David Rothenberg

 

This photograph was taken around 1941, or at least the picture within the picture was from 1941. This “group photo” (taken in New York) includes my maternal grandfather Henry Korngold, his sisters Jean and Karla and his brother Herman as well as their cousin Amy (the young woman holding the group portrait). My grandfather and his siblings fled Berlin starting in the mid 1930’s due to the Nuremberg Laws and rising persecution of Jews in Europe. Their parents stayed behind in Europe where they eventually were captured and sent to Bergen-Belsen and later died as prisoner passengers on the “Lost Transport”. The four Korngold siblings were reunited in New York at the time this group photo was made.
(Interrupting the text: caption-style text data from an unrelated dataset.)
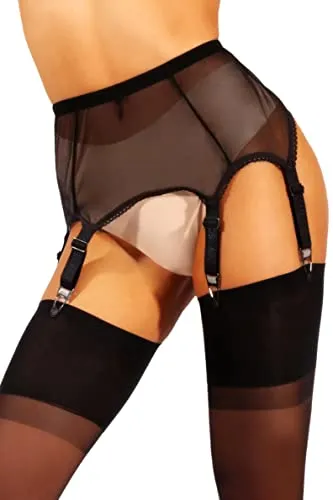 sofsy Mesh Garter Belt with 6 Straps for Thigh High Stockings/Lingerie Women (Garter Belt and Stockings Sold Separately) - Black Plus Size XXL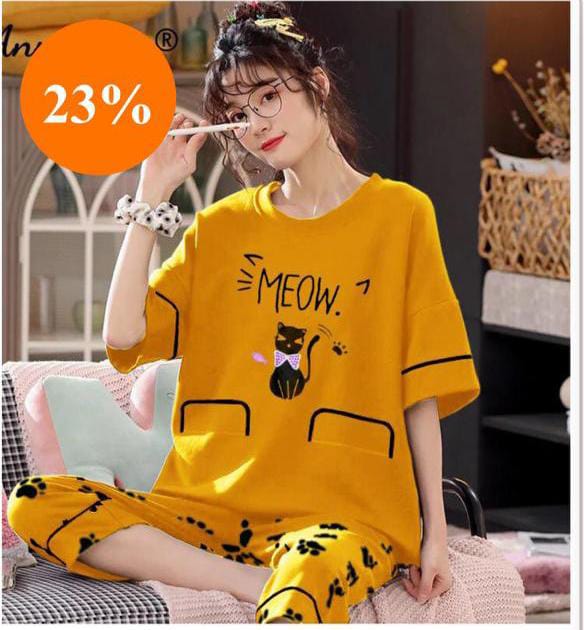 YELLOW MEOW PRINTED NIGHT WEAR Shopcify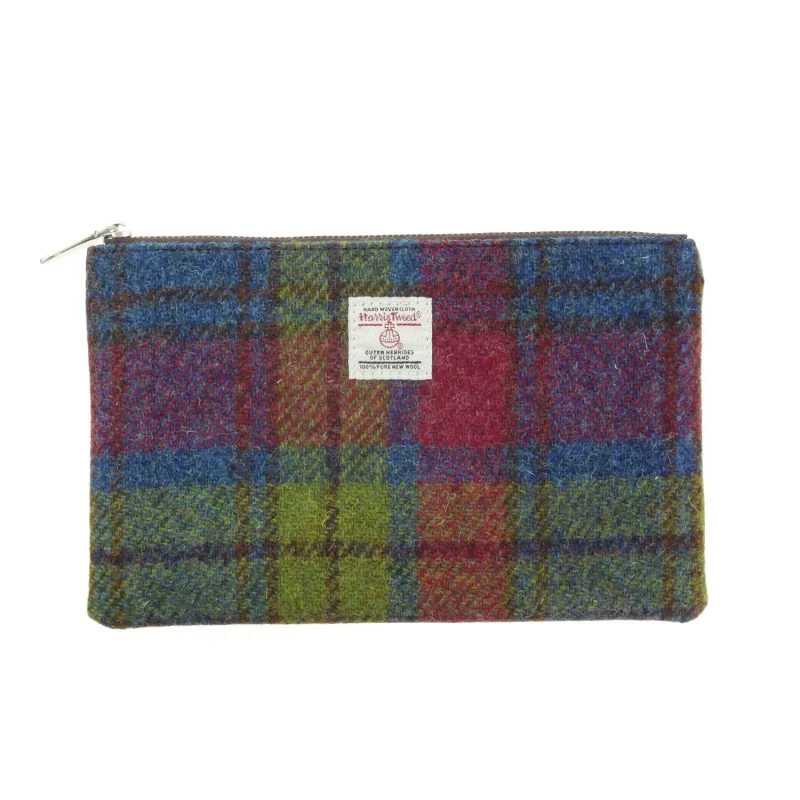 berneray medium tartan zip pouch multi color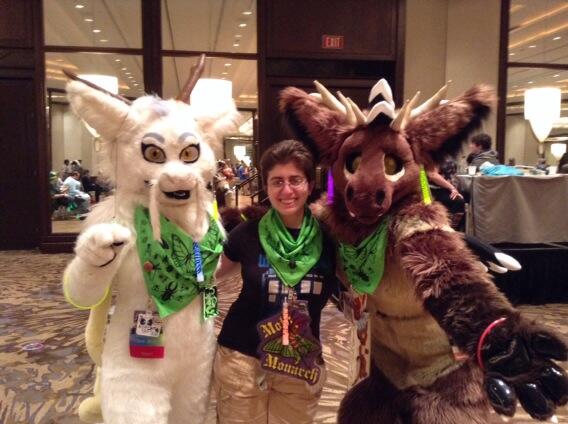 Left to right: Susan as Rin the Dragon, Mary Capaldi, and myself as Tachyon the Elk Angel Dragon. The bandanas were made after a design by Mary.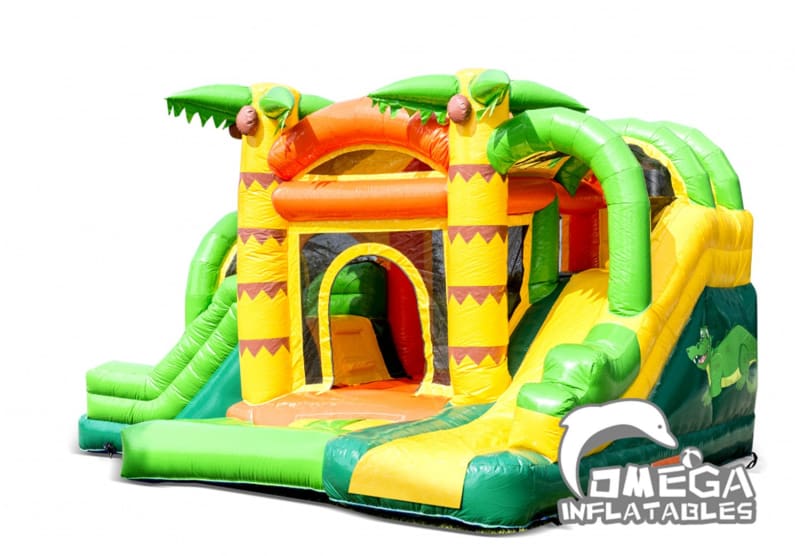 Jungle Bouncy Castle with Double Slides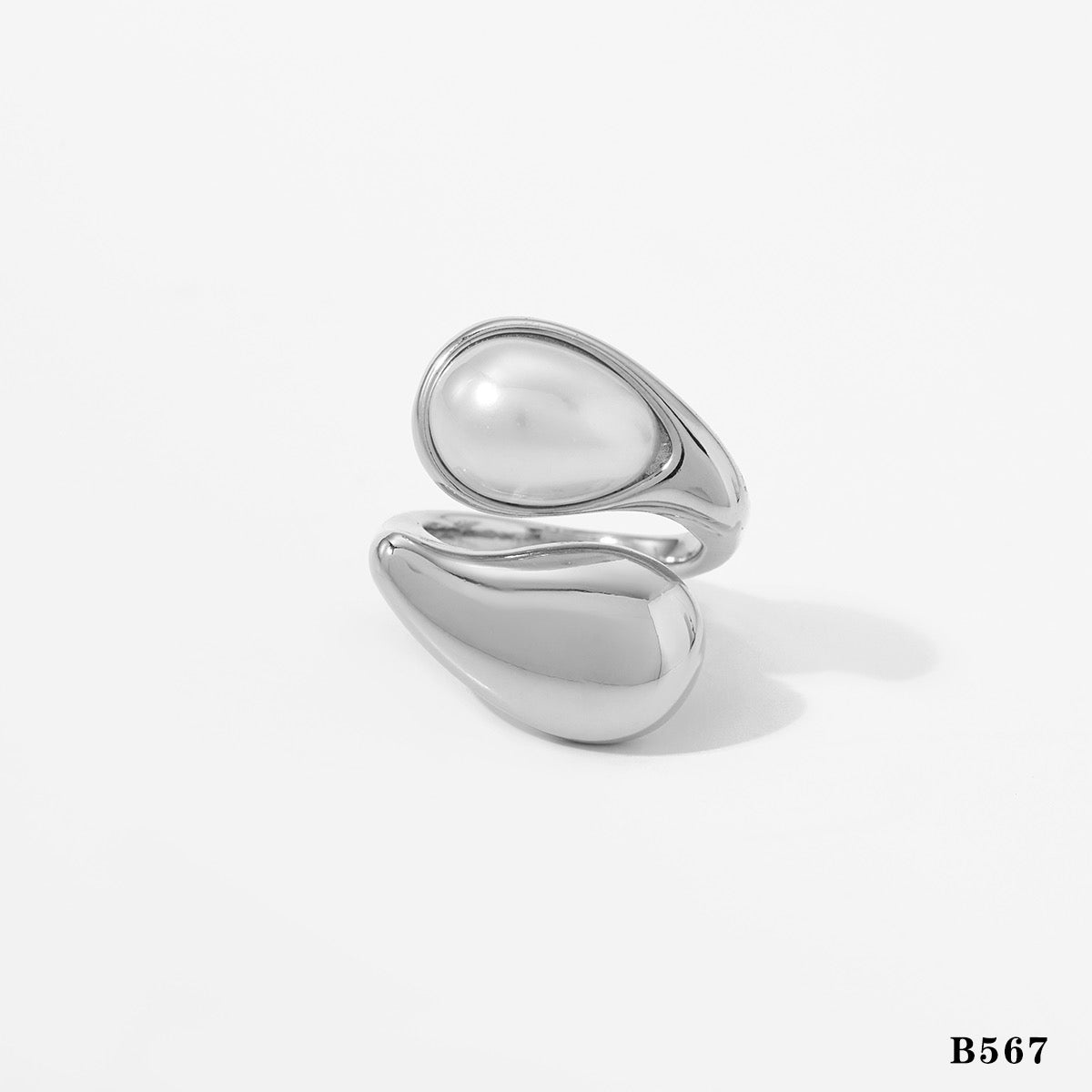 Anillo perla plata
What was Amy’s intent to include herself in this photograph with group portrait in hand?  A heartbreaking surrogate of a family reunion;  a photographic chain letter to pass on to loved ones? Was Amy simply duplicating the picture of the siblings reunited to share with others? After scanning this picture onto my computer, a previously unnoticed detail revealed itself in the background- the soft reflection of an unknown photographer in a mirror. While my Grandfather rarely spoke during his lifetime of our family’s traumatic history, I embrace these tiny and maybe inconsequential discoveries, such as the blurry background detail in a photograph in an attempt to grab hold of an elusive past.